Dan ternyata aktor-aktor
berdasi kita yang berlagak di gedung MPR dan DPR belumlah sepenuhnya memilki
jiwa hikmat dan bijaksana serta mengedepankan permusyawaratan dan kerakyatan.
Hal ini dapat kita lihat pada setiap kebijakan-kebijakan yang mereka lahirkan,
lebih banyak yang tidak berkeadilan dan pro terhadap rakyat akan tetapi lebih
pro kepada kaum kapitalis. Selain itu korupsi dan praktek suap masih saja
dilestarikan di gedung-gedung kerakyatan.
Kegagalan sila
keempat dalam memproduksi Sila Kelima mengharuskan kita membuat satu langkah
lagi kebelakang, ke semesta yang menaungi sila keempat dan kelima. Kita dapat
mendiagnosa sila ketiga sebagai sebab kegagalan ini. “Persatuan Indonesia”
perlu kita inderai kembali, kita teropong dalam kehidupan sosial politik kita.

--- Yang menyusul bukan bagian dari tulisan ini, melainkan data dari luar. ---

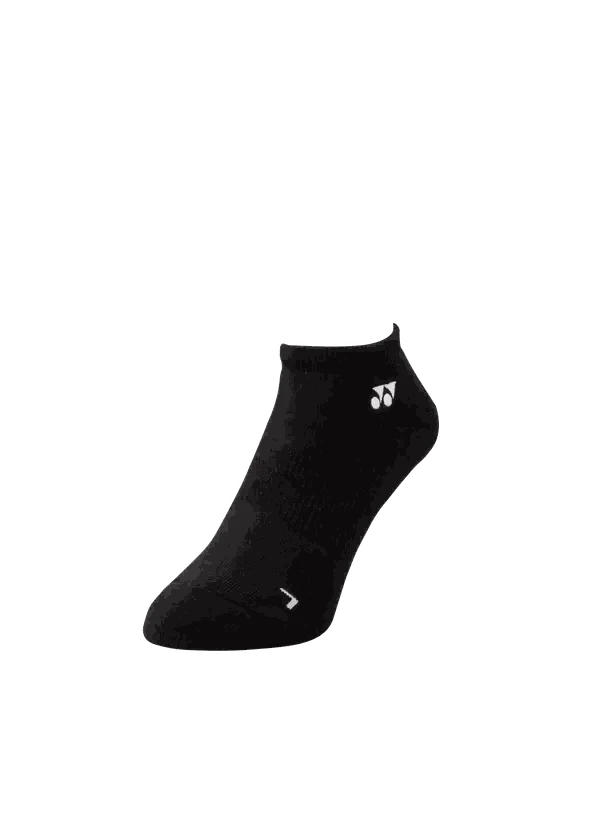 Yonex Badminton Low-Cut Ankle Socks in black, with a low-cut shape, ribbed knit texture and white Yonex logo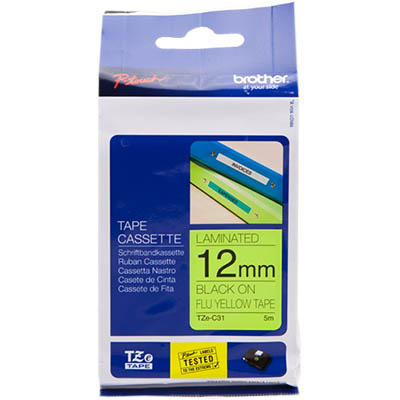 Image for BROTHER TZE-C31 LAMINATED LABELLING TAPE 12MM BLACK ON FLURO YELLOW from Office Products Depot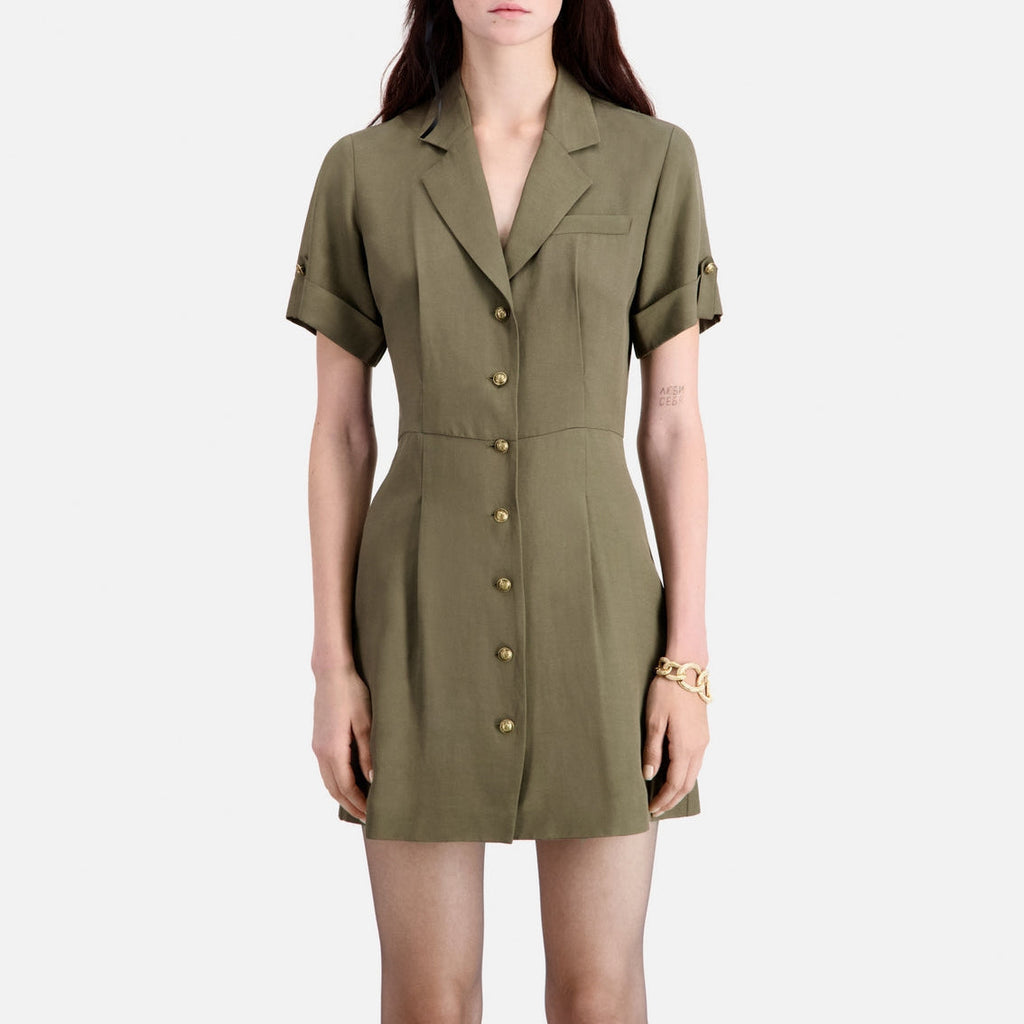 The Kooples - Robe Chemise - Kaki - Femme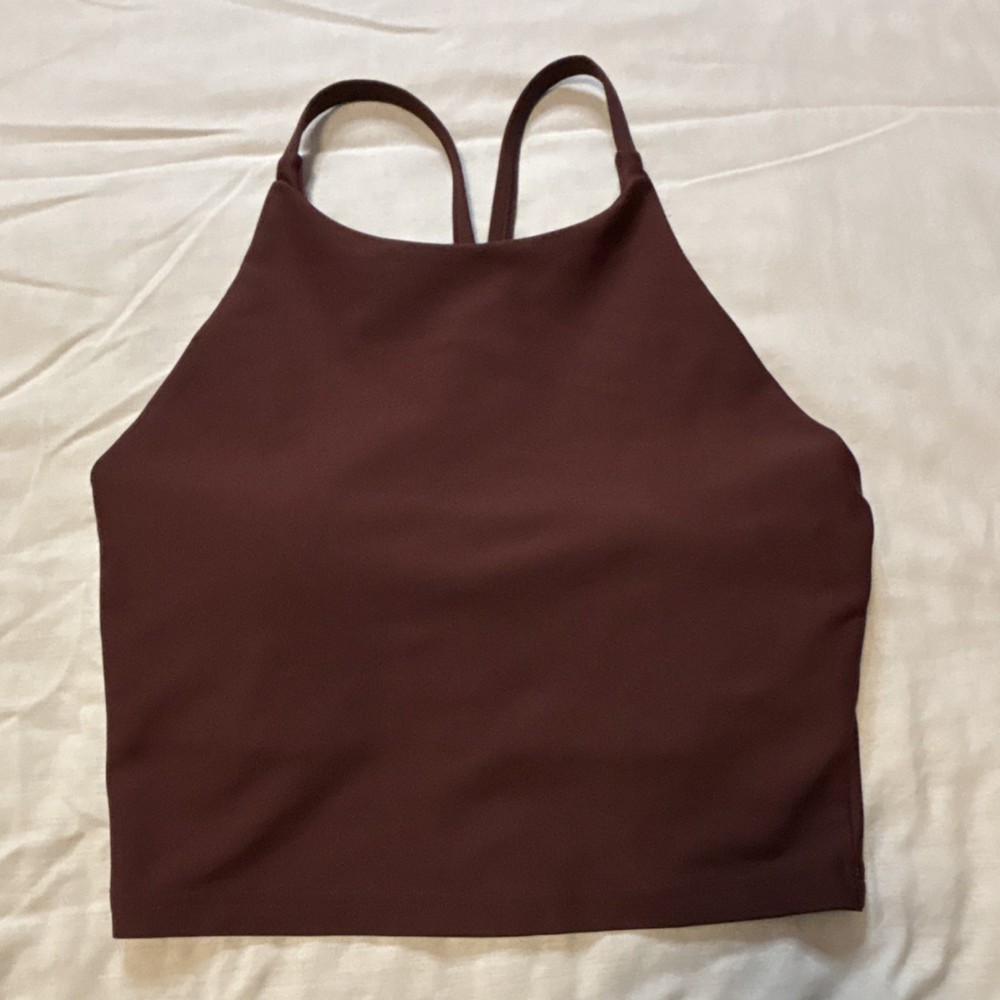 Old Navy Active Powersoft High Neck Racerback Stretch Athletic Tank Brown S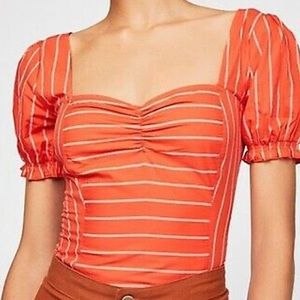 Puffy striped sleeved top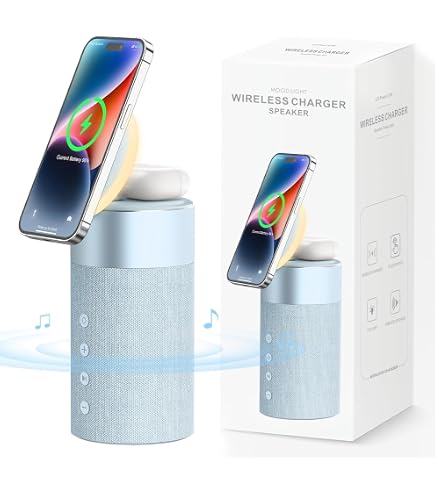 Support Téléphone Avec Haut-parleur Bluetooth 5.3, Charge Sans Fil, Lumières LED – Compatible IPhone/Android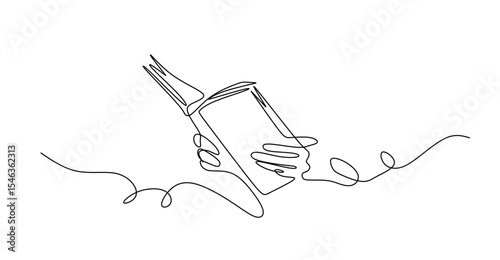 hand holding opened books reading one line drawing continuous copy space minimalist art decorative
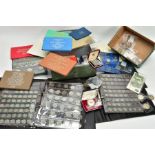 A QUANTITY OF COINS, COIN ALBUMS WITH SILVER CONTENT COINS, COMMEMORATIVES, BANKNOTES ETC, to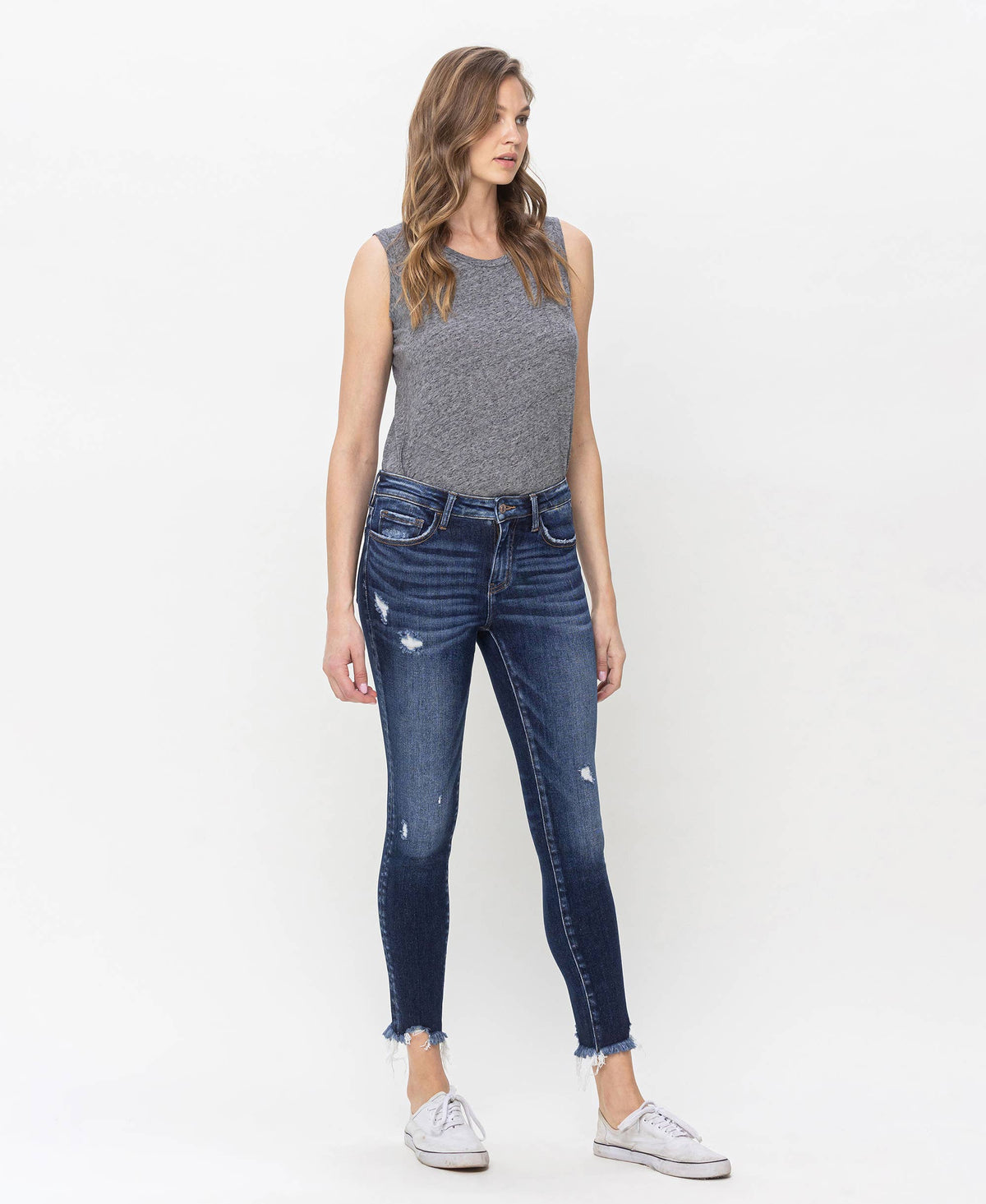 Lovervet by VERVET - MID RISE UNEVEN RAW HEM CROP SKINNY JEANS LV1144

Menghitung eksistensinya dalam dialektika sosial politik yang sporadis, serta
mengkalkulasikannya dalam kesadaran diri tiap kita atas realitas Kebhinekaan
yang ber-Ika dalam NKRI.
Kebhinekaan
kita dalam ranah sosial (SARA) serta Politik (parpol) sudahkan ber-Ika dalam
Majelis Permusyawaratan dan Dewan Perwakilan? Ataukah justru masih sporadis?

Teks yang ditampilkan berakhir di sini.